All sufficiently big public package registries are a mess full of malware, name squatting, and drama:
- crates.io has a single user owning names like “any”, “bash”, and “class”.
- npmjs.com had a drama with left-pad when a single maintainer of a single one-liner package broke the internet.
- pypi.org appears in tech news monthly with another group of researchers discovering another malware campaign.
Today PyPI malware made news yet again, so I decided to take a look at the other side of PyPI: name squatting and some other interesting stats along the way.
Get the data
We could manually try random package names and check their owner but there is a better way. Seth Michael Larson, the Security Developer-in-Residence at the Python Software Foundation has a public repository pypi-data with a partial dump of the PyPI database.
- Download the latest dump. If you want to reproduce my results, pick the same as I’m going to use: 2023-10-31 (spooky! 🎃).
- Extract:
gunzip pypi.db.gz
. - Either open the dump in the sqlite CLI (
sqlite3 pypi.db
) or use the DB Browser for SQLite GUI which is very cool (but may crash if you’re not careful with queries you run).
Probing the data
The table packages
contains all packages with their name, the latest released version number, the last update date, and some other info. For example, let’s select stats for textdistance:
SELECT * FROM packages WHERE name = 'textdistance';
field | value |
---|---|
name | textdistance |
version | 4.6.0 |
requires_python | >=3.5 |
yanked | 0 |
has_binary_wheel | 0 |
has_vulnerabilities | 0 |
first_uploaded_at | 2023-09-28T08:30:50 |
last_uploaded_at | 2023-09-28T08:30:51 |
recorded_at | 2023-10-30 21:49:00 |
downloads | 308733 |
scorecard_overall | 4.8 |
in_google_assured_oss | 0 |
Unfortunately, we don’t have any information about past releases, like how many releases the package had, how many files, when the first one was uploaded, etc. Also, maintainers are in a separate table because a single package may have multiple maintainers and maintainers may have multiple packages (many-to-many):
SELECT * FROM maintainers WHERE package_name = 'textdistance';
field | value |
---|---|
name | orsinium |
package_name | textdistance |
Finding the most prolific users
Who published the most packages?
SELECT maintainers.name, COUNT(*) as cnt
FROM packages, maintainers
WHERE packages.name = maintainers.package_name
GROUP BY maintainers.name
ORDER BY cnt DESC
LIMIT 20;
name | cnt |
---|---|
OCA | 14928 |
alexjxd | 1577 |
wix-ci | 1539 |
yandex-bot | 1196 |
openstackci | 735 |
vemel | 734 |
microsoft | 671 |
davisagli | 520 |
hansalemao | 501 |
hannosch | 500 |
icemac | 449 |
google_opensource | 415 |
faassen | 401 |
agroszer | 361 |
dlech | 360 |
thejcannon | 360 |
adafruit-travis | 352 |
pycopy-lib | 347 |
azure-sdk | 343 |
aws-cdk | 337 |
You may recognize some names on the list.

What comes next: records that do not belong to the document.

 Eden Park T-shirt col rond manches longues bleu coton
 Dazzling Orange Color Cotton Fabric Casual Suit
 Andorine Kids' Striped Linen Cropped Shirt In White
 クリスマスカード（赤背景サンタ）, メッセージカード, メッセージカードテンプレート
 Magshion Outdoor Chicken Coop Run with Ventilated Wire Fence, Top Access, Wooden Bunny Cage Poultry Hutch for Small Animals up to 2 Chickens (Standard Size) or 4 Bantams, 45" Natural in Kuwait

- The apparent leader is OCA, also known as Odoo Community Association. Odoo is a popular open-source enterprise CRM with Python backend. Their PyPI account holds a bunch of Odoo plugins.
- Next goes alexjxd, also known as Alex Jiang. This is an Alibaba employee, and their account holds alibabacloud-python-sdk components. It is poorly documented but what I noticed is that all components have a date suffix, like
ddosbgp-20180201
. So, it’s some kind of additional versioning going on. - The third place goes to wix-ci, holding a bunch of plugins for wix.com.

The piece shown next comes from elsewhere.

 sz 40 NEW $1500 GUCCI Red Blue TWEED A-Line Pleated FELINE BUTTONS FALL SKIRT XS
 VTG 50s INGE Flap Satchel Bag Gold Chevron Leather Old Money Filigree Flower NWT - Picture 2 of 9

- The yandex-bot, claimed to be owned by “Yandex Security Team”, owns 1200 names, including names like and, nu, aiostat, apilib, cpp_grader, tmp2, minify, and many other generic names. Each description says: “A package to prevent Dependency Confusion attacks against Yandex”. So, we see name squatting to prevent name squatting. “The best defense is a good offense”. Should this be allowed? And the whole situation suddenly takes a political turn when you consider that Yandex LLC is a Russian company.

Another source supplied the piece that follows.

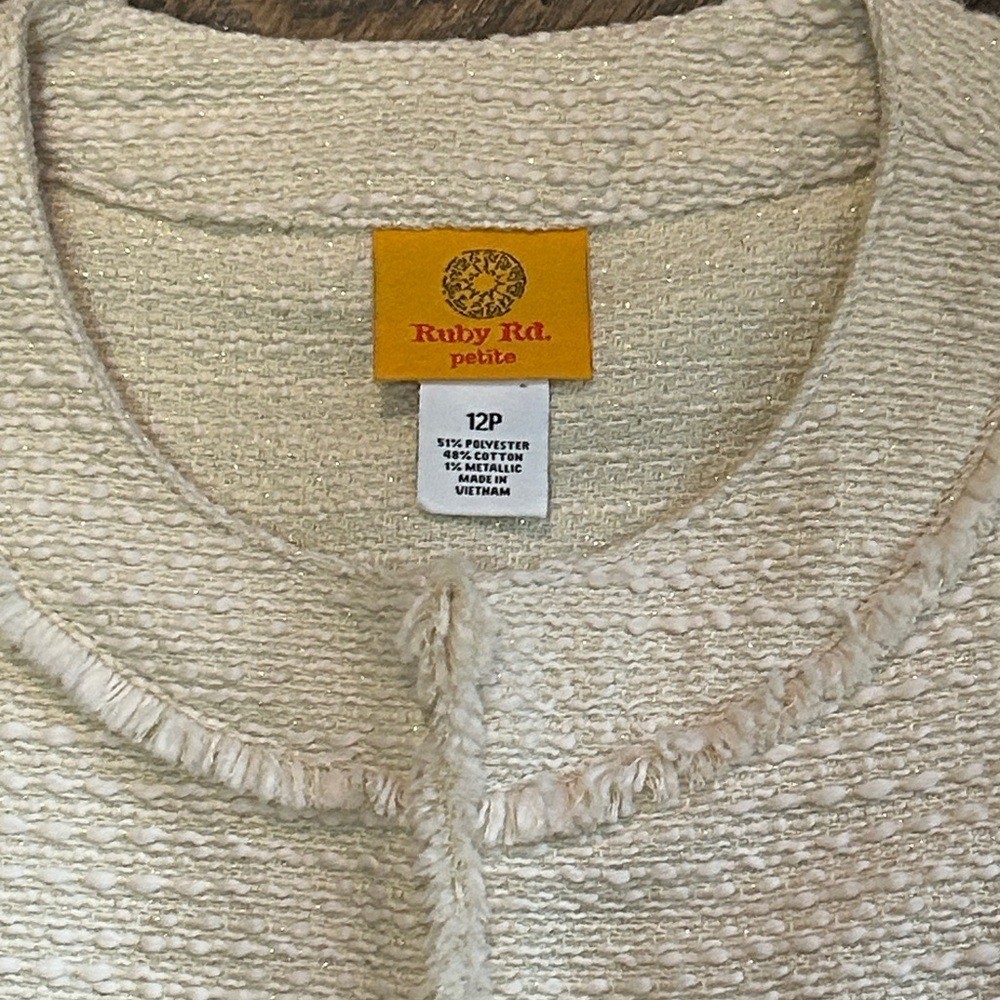Ruby Rd. Textured Cream & Gold Thread Blazer Jack… - image 2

You can check the rest of the list yourself if you’re curious. For now, let’s find something more interesting.
Finding the top name squatters
Name squatting is when someone registers a bunch of common names to sell them later. It is very common with DNS, social media, and package registries. This is why Steam is steampowered.com.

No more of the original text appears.